The apparent softening of its position could ease the way for Mr Hwang to leave the South Korean consulate in Peking, where he has been holed up since asking for asylum there on Wednesday.
"If he was kidnapped, we cannot tolerate and we will take decisive counter- measures," said a spokesman of the North's Foreign Ministry. "If he sought asylum, it means that he is a renegade and he is dismissed."
South Korean officials took the comment as indicating North Korea was abandoning its earlier position, in which it had rejected Mr Hwang's defection as "inconceivable and impossible." Right after his defection, North Korea accused South Korea of kidnapping him and threatened to retaliate. Mr Hwang, 73, a key Communist theoretician, was once the tutor of the North Korean leader, Kim Jong Il.

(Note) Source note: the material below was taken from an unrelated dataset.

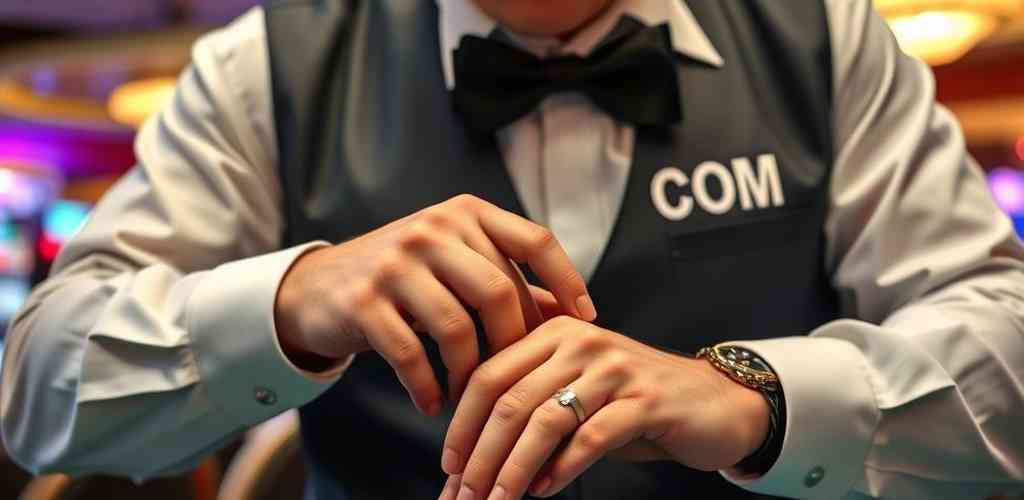 plataforma oficial internacional 568bet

Yesterday's comment "seems to imply that North Korea will accept it if independent parties, like the UN High Commissioner for Refugees, rule that Hwang is a political defector," said Kang Ho Yang, spokesman for South Korea's Unification Ministry. The North Korean spokesman told the official news agency that the North asked China to investigate Mr Hwang's "disappearance."
His comment was the first sign of a possible breakthrough in the stand- off at South Korea's consulate in Peking, where the North Koreans had been keeping a vigil.
In deciding whether to allow Mr Hwang to proceed to South Korea, China faces a dilemma. It does not want to infuriate North Kore. But China also has diplomatic ties with Seoul and wants to encourage commercial ties. In Peking, China kept silent yesterday on Mr Hwang's fate, while police guarded the South Korean consulate.